In 2002, in an effort to tighten national security screening measures, the U.S. Department of Justice created NSEERS. The Attorney General designated certain countries whose nationals and citizens would be subject to the NSEERS registration requirements while they were in the U.S. in a non-immigrant status. Going forward from the date of their country’s NSEERS designation, affected individuals were required to complete a special registration process including providing fingerprints, a photograph, and any additional information requested to Department of Homeland Security officers at the time of each non-immigrant admission to the United States. Nationals and citizens of NSEERS designated countries who were already in the U.S. in a non-immigrant status when their countries were designated were required to complete the same registration process through “call-in” registration which required them to go to a local USCIS office at specified times to complete the registration. All affected individuals were also required to comply with NSEERS exit requirements when they left the U.S. These requirements included departing the U.S. only from designated ports and having additional data recorded upon time of departure.

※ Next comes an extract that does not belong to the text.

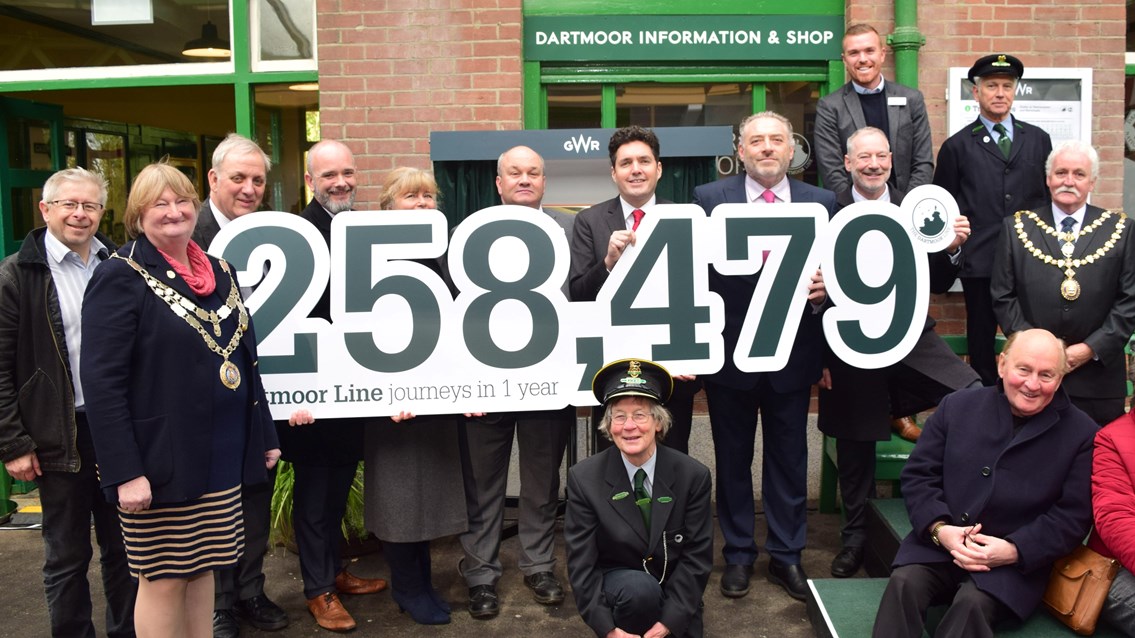 Dartmoor Line passes 250,000 journeys on its first anniversary, as rail minister visits to mark official opening of the station building.: Dartmoor Line group shot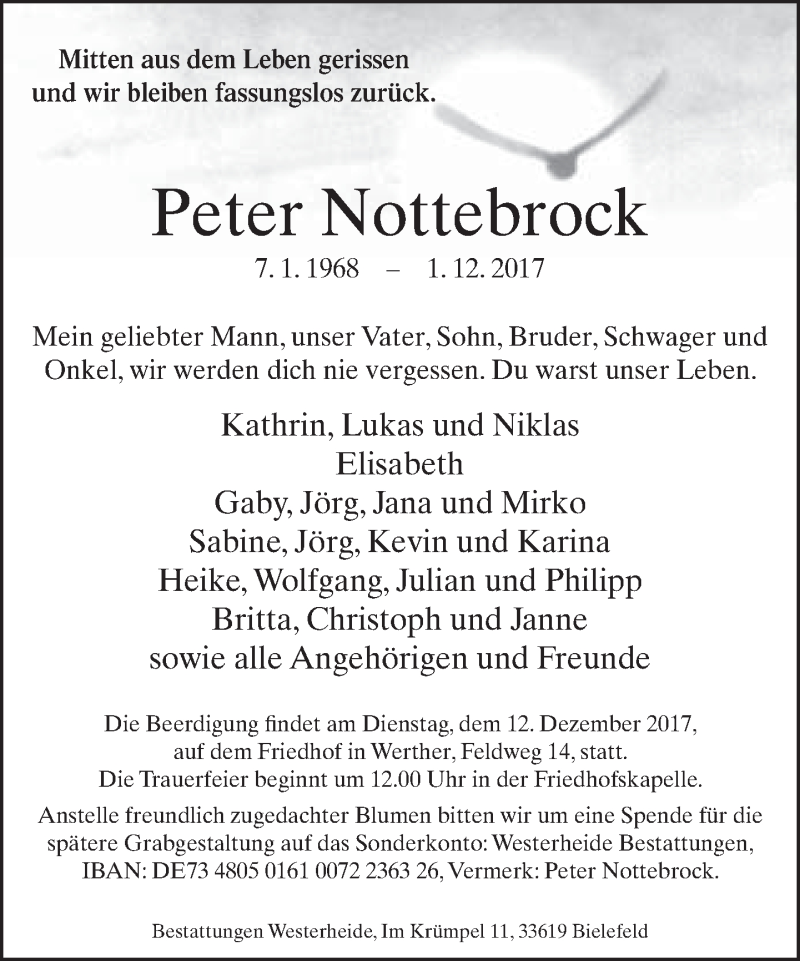  Traueranzeige für Peter Nottebrock vom 09.12.2017 aus Neue Westfälische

The Department of Homeland Security (DHS) announced in April 2011 that as part of their effort to eliminate redundant programs, all NSEERS-designated countries would be removed from the NSEERS list and their nationals and citizens relieved of NSEERS compliance as of April 28, 2011. Subsequent to the creation of NSEERS, DHS implemented two additional programs, US-VISIT and APIS, which together automatically collect the same information that NSEERS manually collected. Because of this automation and because US-VISIT and APIS collect the information from nonimmigrant citizens and nationals of the former NSEERS countries as well as other countries, DHS has indicated that NSEERS manual registration is redundant to the automatic registrations under US-VISIT and APIS and does not provide any increase in security. The DHS has specifically indicated that “As threats to the United States evolve, DHS seeks to identify specific individuals and actions that pose specific threats, rather than focusing on more general designations of groups of individuals, such as country of origin.”
It should be noted that though NSEERS is effectively dormant as of April 28, 2011, with no countries remaining on the compliance list, DHS has not repealed the NSEERS program altogether.